Figure 8 depicts the impact of selecting α, with different data input sizes, on the resource limits cα and gα (i.e., number of allocated resources) that refer to CPU and GPU resource limits, respectively. Figures 8A, B show that relaxing the processing time constraint with a probability 0.5 ≤ α ≤ 0.99 does not affect resource limits for containers that have a low delay threshold with tiny and limited data sizes (i.e., data input D1, D2, and D3 in eMBB and mMTC containers). However, enormous data sizes in eMBB and mMTC containers show slight changes in resource limits due to tuning α. On the other hand, Figure 8C demonstrates significant increments in resource limits due to tuning α, in particular with enormous data size (D5) where S-RC allocates 2 GPU cores for α = 0.99.
Figure 8. Impact of α on resource limit li. (A) eMBB resource limits. (B) mMTC resource limits. (C) URLLC resource limits.
4. Discussion
The results presented in Section 3 show that S-RC deployment has a high likelihood to effectively auto-scale the edge cloud for RAN slicing workload.
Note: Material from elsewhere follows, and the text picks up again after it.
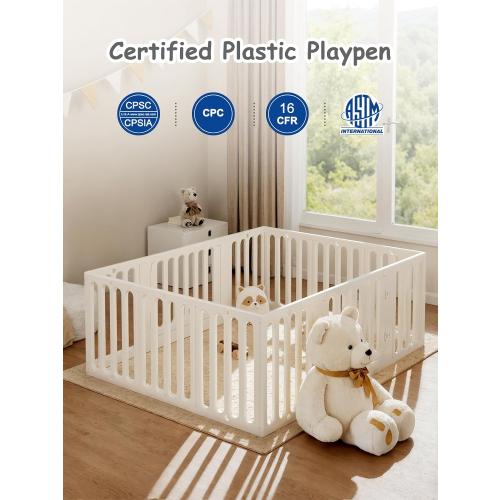 VBABY Baby Playpen, Plastic Play Pen for Babies and Toddlers 1-3, 12 Panels Large Kids Playyard, Indoor & Outdoor Baby Fence, 66 x 51, White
However, its deployment cost, especially with containers with large data sizes and low latency requirements (i.e., URLLC container), is high due to using an exact method to solve the S-RC problem. Furthermore, in MEC, it is essential to utilize resources efficiently. Thus, S-RC could be augmented to achieve better resource usage by developing approximation algorithms for the introduced offline S-RC and developing an online algorithm for real-time operation.
The core concept of S-RC design is workload characterization (i.e., workload pattern identification). While the characterization of the RAN slicing workload is still challenging, inspecting MEC resource usage for containerized radio workloads with strict processing time requirements is critical for S-RC design. The inspection would deliver improved workload pattern recognition with a more accurate random distribution of its variations. Furthermore, auto-scaling the edge requires the optimal estimation of the scaling period since real-time autoscaling depends on capturing the variations in workload characteristics to scale up/down the resources. Indeed, a low scaling period would lead to a more accurate workload characterization. However, there is a tradeoff between scaling period determination and the required time for online resource allocation and scheduling decision-making. Therefore, RAN slicing workload characterization is mandatory for a practical S-RC design, especially if we get a periodic pattern of workload variations that could be leveraged to determine the optimal scaling period and workload distribution at the edge.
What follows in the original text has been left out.